I am new to python. I can't figure out what I am doing wrong when trying to read the contents of .tar.gz file into python. The tarfile I would like to read is hosted at the following web address:

ftp://ftp.ncbi.nlm.nih.gov/pub/pmc/b0/ac/Breast_Cancer_Res_2001_Nov_9_3(1)_61-65.tar.gz

more info on file at this site (just so you can trust contents) http://www.pubmedcentral.nih.gov/utils/oa/oa.fcgi?id=PMC13901

The tarfile contains .pdf and .nxml copies of the journal article. And also a couple of image files.
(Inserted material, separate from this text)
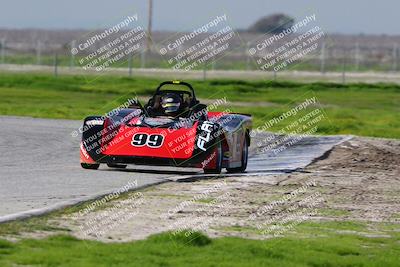 media/Feb-23-2024-CalClub SCCA (Fri) [[1aaeb95b36]]/Group 4/Qualifying (Star Mazda)/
If I open the file in my browser by copying and pasting. I can save to a location on my PC and import the tarfile fine using the following commands (note: winzip changes the file from .tar.gz to simply .tar when I save to location):

import tarfile
thetarfile = "C:/Users/dfcm/Documents/Breast_Cancer_Res_2001_Nov_9_3(1)_61-65.tar"
tfile = tarfile.open(thetarfile)
tfile

However, if I try to access the file directly using similar commands:

thetarfile = "ftp://ftp.ncbi.nlm.nih.gov/pub/pmc/b0/ac/Breast_Cancer_Res_2001_Nov_9_3(1)_61-65.tar.gz"
bbb = tarfile.open(thetarfile)

That results in the following error:

 Traceback (most recent call last):
 File "<pyshell#137>", line 1, in <module>
 bbb = tarfile.open(thetarfile)
 File "C:\Python30\lib\tarfile.py", line 1625, in open
 return func(name, "r", fileobj, **kwargs)
 File "C:\Python30\lib\tarfile.py", line 1687, in gzopen
 fileobj = bltn_open(name, mode + "b")
 File "C:\Python30\lib\io.py", line 278, in __new__
 return open(*args, **kwargs)
 File "C:\Python30\lib\io.py", line 222, in open
 closefd)
 File "C:\Python30\lib\io.py", line 615, in __init__
 _fileio._FileIO.__init__(self, name, mode, closefd)
 IOError: [Errno 22] Invalid     argument: 'ftp://ftp.ncbi.nlm.nih.gov/pub/pmc/b0/ac/Breast_Cancer_Res_2001_Nov_9_3(1)_61-65.tar'

Can anyone explain what I am doing wrong when trying to read the .tar.gz file directly from the web address? Thanks in advance. Chris

1

There are 1 answers

0
Helmut Grohne On BEST ANSWER

Unfortunately you cannot just open files from the network. Things are a bit more complex here. You have to instruct the interpreter to create a network request and create an object representing the request state. This can be done using the urllib module.

import urllib.request
import tarfile
thetarfile = "ftp://ftp.ncbi.nlm.nih.gov/pub/pmc/b0/ac/Breast_Cancer_Res_2001_Nov_9_3(1)_61-65.tar.gz"
ftpstream = urllib.request.urlopen(thetarfile)
thetarfile = tarfile.open(fileobj=ftpstream, mode="r|gz")

The ftpstream object is a file-like that represents the connection to the ftp server. Then the tarfile module can access this stream. Since we do not pass the filename, we have to specify the compression in the mode parameter.